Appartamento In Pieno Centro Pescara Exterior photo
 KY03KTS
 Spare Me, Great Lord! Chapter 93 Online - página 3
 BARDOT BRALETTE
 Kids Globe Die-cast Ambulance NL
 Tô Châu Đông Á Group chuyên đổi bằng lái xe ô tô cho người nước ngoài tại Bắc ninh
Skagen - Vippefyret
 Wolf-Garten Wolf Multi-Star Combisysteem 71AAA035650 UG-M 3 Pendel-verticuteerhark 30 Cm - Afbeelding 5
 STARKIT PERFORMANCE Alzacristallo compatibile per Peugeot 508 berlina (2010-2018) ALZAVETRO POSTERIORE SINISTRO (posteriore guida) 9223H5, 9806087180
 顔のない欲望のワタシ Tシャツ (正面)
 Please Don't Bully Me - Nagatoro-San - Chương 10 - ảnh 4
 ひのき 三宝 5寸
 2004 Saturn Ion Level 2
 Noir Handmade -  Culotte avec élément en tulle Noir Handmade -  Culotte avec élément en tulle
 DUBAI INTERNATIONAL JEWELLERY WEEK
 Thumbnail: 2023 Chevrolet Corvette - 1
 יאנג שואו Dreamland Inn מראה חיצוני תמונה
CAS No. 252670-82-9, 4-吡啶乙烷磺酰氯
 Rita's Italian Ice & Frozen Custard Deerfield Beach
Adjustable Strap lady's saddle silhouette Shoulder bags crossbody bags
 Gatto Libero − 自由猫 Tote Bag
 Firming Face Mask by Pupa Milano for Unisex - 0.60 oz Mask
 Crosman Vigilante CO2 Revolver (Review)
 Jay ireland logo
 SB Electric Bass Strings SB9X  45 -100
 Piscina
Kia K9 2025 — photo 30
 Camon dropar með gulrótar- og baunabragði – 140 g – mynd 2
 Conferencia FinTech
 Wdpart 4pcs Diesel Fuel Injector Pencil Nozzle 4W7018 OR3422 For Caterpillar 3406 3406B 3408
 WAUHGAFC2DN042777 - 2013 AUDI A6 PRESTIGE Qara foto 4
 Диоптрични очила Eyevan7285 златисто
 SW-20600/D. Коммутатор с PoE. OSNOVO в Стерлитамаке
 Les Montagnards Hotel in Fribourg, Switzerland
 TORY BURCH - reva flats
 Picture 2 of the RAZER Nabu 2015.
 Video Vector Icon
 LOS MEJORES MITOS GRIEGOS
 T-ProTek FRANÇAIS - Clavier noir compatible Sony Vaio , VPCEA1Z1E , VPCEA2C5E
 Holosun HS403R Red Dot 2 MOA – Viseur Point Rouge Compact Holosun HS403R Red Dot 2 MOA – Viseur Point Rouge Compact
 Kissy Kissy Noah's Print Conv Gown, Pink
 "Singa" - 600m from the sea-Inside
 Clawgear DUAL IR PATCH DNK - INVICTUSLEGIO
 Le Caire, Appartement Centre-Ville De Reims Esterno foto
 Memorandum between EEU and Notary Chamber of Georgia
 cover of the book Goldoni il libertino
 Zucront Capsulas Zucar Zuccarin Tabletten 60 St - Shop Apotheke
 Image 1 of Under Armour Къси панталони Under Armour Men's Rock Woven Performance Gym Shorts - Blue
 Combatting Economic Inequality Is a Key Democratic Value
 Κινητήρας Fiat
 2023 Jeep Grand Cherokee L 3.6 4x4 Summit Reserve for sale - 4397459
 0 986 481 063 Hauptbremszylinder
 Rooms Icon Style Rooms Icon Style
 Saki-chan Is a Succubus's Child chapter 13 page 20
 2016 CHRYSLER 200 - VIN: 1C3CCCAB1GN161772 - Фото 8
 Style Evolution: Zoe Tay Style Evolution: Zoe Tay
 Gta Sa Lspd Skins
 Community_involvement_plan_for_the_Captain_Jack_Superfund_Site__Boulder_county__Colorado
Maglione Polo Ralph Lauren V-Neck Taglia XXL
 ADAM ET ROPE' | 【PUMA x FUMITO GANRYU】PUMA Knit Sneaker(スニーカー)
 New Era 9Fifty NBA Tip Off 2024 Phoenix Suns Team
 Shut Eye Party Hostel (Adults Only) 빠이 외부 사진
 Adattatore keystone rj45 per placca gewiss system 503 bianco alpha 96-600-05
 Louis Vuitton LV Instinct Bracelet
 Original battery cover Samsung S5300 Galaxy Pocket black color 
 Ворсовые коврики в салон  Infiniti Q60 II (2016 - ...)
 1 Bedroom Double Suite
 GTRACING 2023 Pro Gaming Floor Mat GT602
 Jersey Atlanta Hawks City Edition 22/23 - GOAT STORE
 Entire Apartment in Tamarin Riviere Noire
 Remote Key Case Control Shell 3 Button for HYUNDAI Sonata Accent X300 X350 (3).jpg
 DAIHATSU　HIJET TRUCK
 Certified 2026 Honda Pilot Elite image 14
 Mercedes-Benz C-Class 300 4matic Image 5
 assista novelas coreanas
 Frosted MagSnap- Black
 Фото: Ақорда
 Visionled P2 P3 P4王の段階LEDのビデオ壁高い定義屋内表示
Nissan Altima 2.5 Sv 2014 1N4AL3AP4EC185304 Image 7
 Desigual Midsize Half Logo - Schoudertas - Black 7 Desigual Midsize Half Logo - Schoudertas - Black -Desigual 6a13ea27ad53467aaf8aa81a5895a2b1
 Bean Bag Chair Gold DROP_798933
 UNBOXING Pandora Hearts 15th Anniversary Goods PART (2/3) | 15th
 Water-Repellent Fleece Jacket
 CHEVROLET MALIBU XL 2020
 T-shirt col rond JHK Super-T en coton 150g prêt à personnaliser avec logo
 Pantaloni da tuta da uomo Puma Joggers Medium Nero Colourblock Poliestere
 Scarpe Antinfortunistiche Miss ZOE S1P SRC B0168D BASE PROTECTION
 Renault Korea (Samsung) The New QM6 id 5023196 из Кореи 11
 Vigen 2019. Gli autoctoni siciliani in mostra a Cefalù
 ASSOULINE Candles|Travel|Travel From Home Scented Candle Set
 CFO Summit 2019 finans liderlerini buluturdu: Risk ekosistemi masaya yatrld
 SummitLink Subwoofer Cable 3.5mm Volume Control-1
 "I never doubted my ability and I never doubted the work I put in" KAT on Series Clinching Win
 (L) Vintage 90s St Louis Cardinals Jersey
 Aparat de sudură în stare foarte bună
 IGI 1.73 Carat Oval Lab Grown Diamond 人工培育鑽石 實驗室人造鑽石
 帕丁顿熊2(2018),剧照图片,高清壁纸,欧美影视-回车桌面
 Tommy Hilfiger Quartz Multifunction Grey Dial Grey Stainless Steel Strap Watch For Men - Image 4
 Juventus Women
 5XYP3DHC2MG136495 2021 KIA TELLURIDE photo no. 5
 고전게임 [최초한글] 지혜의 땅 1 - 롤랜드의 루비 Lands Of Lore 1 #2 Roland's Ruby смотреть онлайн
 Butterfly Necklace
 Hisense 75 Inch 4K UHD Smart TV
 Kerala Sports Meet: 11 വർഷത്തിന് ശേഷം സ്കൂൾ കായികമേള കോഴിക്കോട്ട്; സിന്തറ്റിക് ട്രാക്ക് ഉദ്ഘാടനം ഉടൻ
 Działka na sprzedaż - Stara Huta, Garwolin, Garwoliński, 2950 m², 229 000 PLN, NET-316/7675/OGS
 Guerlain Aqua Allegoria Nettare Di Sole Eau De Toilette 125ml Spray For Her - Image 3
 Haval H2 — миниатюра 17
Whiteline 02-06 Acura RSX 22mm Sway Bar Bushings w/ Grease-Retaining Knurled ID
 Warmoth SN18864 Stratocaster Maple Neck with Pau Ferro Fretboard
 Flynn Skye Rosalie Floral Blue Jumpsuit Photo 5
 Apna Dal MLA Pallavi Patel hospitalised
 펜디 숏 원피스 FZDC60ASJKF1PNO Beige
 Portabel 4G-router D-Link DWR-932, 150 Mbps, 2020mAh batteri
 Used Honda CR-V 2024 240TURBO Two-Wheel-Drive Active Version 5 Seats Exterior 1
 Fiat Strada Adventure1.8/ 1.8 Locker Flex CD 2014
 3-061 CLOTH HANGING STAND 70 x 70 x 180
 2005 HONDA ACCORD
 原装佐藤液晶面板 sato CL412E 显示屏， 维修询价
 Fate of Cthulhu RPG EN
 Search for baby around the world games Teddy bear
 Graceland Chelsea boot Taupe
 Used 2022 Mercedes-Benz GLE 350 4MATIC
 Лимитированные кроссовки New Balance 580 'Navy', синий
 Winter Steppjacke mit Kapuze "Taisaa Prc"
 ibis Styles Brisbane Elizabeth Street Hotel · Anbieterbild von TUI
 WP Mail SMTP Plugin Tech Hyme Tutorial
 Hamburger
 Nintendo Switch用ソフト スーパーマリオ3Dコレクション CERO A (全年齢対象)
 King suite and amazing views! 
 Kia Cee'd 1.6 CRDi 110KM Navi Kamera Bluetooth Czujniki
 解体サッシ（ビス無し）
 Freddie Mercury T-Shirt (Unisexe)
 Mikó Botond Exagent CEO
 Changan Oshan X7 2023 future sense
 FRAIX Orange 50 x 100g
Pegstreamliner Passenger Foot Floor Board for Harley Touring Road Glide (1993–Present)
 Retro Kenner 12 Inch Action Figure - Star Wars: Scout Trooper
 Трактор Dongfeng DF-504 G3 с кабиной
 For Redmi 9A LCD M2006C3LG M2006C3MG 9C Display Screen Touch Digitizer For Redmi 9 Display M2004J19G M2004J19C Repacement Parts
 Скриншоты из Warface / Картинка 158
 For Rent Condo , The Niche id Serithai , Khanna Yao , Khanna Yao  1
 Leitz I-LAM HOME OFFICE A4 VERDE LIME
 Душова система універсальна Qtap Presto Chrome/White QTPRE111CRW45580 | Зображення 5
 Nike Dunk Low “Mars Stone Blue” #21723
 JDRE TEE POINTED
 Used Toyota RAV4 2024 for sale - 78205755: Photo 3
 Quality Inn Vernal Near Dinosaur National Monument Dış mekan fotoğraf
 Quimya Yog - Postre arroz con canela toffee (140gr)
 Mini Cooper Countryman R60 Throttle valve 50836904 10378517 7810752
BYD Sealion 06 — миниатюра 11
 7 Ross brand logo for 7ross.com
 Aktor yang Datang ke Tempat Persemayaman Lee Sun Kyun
============================================================
» EXERCISE BRIEF
Check the listing above for "Mercedes". Show every line where it turns up.

» RESPONSE BELOW
 Mercedes-Benz C-Class 300 4matic Image 5
 Used 2022 Mercedes-Benz GLE 350 4MATIC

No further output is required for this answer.